El Distrito

Monte San Giusto

Monte San Giusto, o país do calçado. Estudos recentes em nossa área mostram o início da atividade do calçado na Idade Média. Alguns estudiosos ainda datam de 1385 do primeiro código de sapato: ‘Statues of the Shoe Care’.
No entanto, em um documento de 1821, diz-se que já na terra de San Giusto encontrava-se uma florida escola de Calzolari.

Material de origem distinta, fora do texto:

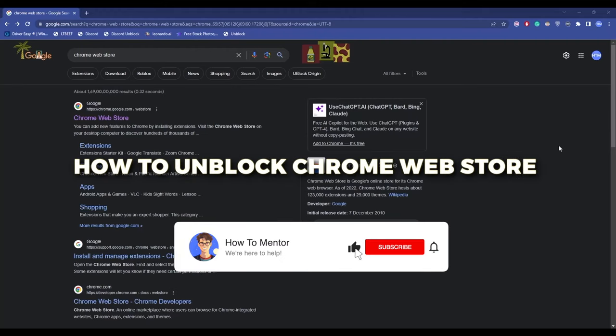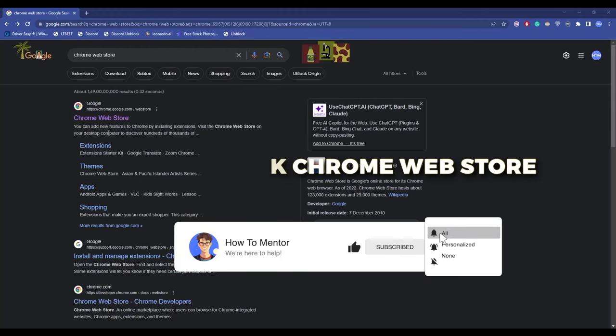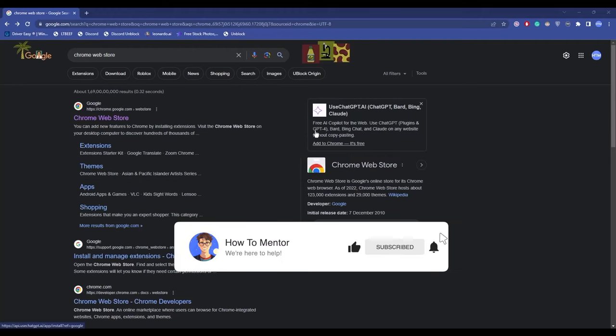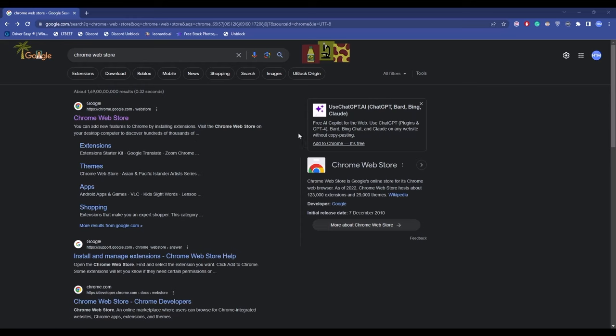Hello guys, so today I'm going to show you how to unblock Chrome Web Store. It's a very simple fix. All you have to do is simply type in Chrome Web Store on your browser, then open the web page.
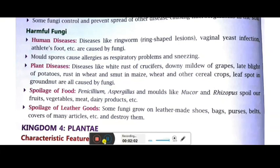To summarize the useful fungi: they are very helpful in the food industry, medicine, the chemical industry, and agriculture. But there are also a few fungi which are harmful — they create diseases in plants and animals and are responsible for spoilage of food.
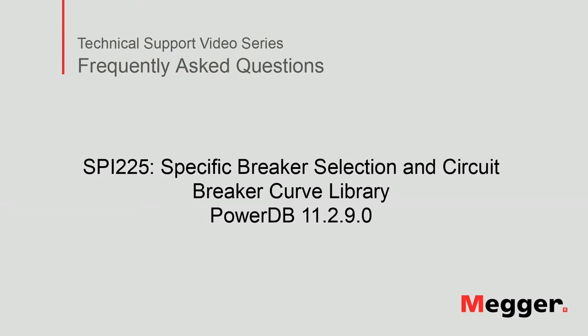Hello, welcome to Megger's technical support video series, Frequently Asked Questions.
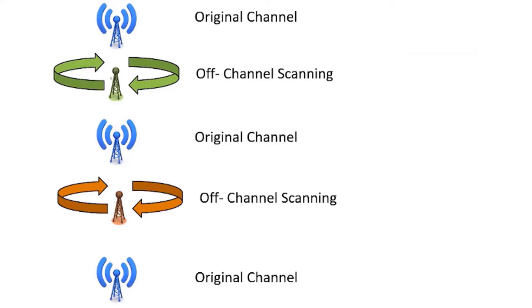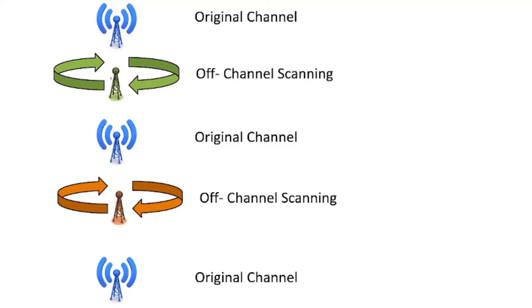Additionally, access points have to service the service set, not just the clients, so they're going to beacon. By default, roughly 10 times per second per SSID on each radio, the beacons are supposed to occur. While the access point is beaconing or servicing clients via upstream or downstream traffic, they can't go off-channel and scan. So you may miss some scans as well.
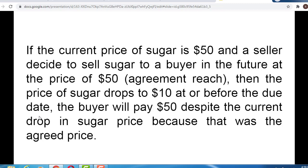Conversely, if the current price of sugar is $50 and a seller agrees to sell sugar to a buyer in the future at $50, then the price drops to $10 at or before the due date, the buyer would still pay $50 despite the price drop, because that was the agreed price. That is how futures contracts work — an agreement made at the present time, with the contract executed in the future.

Através do censo de 1901, foi possível estabelecer que, no Monte San Giusto, a indústria do calçado era de cerca de 323 (252 sapateiros, 59 sob 15 e 71 stitchers), num complexo de 821 habitantes, a cidade velha onde Cerca de 40 Artesanato artesanais foram concentrados. De 1920 a 1930, a fase de inovação tecnológica começou com a introdução das primeiras máquinas de costura que permitem ao setor evoluir com novos modelos, além do habitual Chiocchiere ou Pappucce. Eles vêm com ‘Botas polonesas’ para meninos, botas Ida com saltos altos, saltos de madeira ou cortiça.
A mesma produção de mãos dadas perde sua rugosidade e começa a comprar uma linha, um estilo, uma elegância tão importante para ser admirado e vendido em todo o mundo, especialmente após a Segunda Guerra Mundial e até hoje.

Deixando de lado a história atual, conhecida por todos e caracterizada pela globalização da produção que perdeu todas as peculiaridades da maioria dos distritos de calçados italianos, é interessante ilustrar, em sua maior parte, como os sapatos foram originalmente construídos.

Antes de descrever as várias etapas da fabricação de calçados, é bom mencionar o sapato essencial que usamos para nossos sapateiros.

Tabela (banquete) mais ou menos grande com o chão dividido em várias áreas onde as ferramentas necessárias para a usinagem devem ser colocadas: martelo específico, vários tipos de alicates e pinças, braçadeiras de alfinetes, saias pequenas e grandes, formas de vários tamanhos, bugigangas e cote para preenchimento, raspagem, arquivo, unhas de tamanho variado (chamado mudas), tronco bobinado com ponto para costura inferior, balde de água para banhar e suavizar couro, papelão e cola abundante para a construção do fundo. As mulheres também precisam de um pano leve ou de couro para completar a parte superior. Equipado com o material acima mencionado, nas primeiras luzes do amanhecer, o artesão compromete-se a trabalhar com os vários membros da família, incluindo alguns filhos e um jovem aprendiz que, para aprender o ofício, no início não só não paga nenhum salário sua família deve de alguma forma recompensar o mestre da loja que o hospeda em seu sapateiro e aprende um ofício.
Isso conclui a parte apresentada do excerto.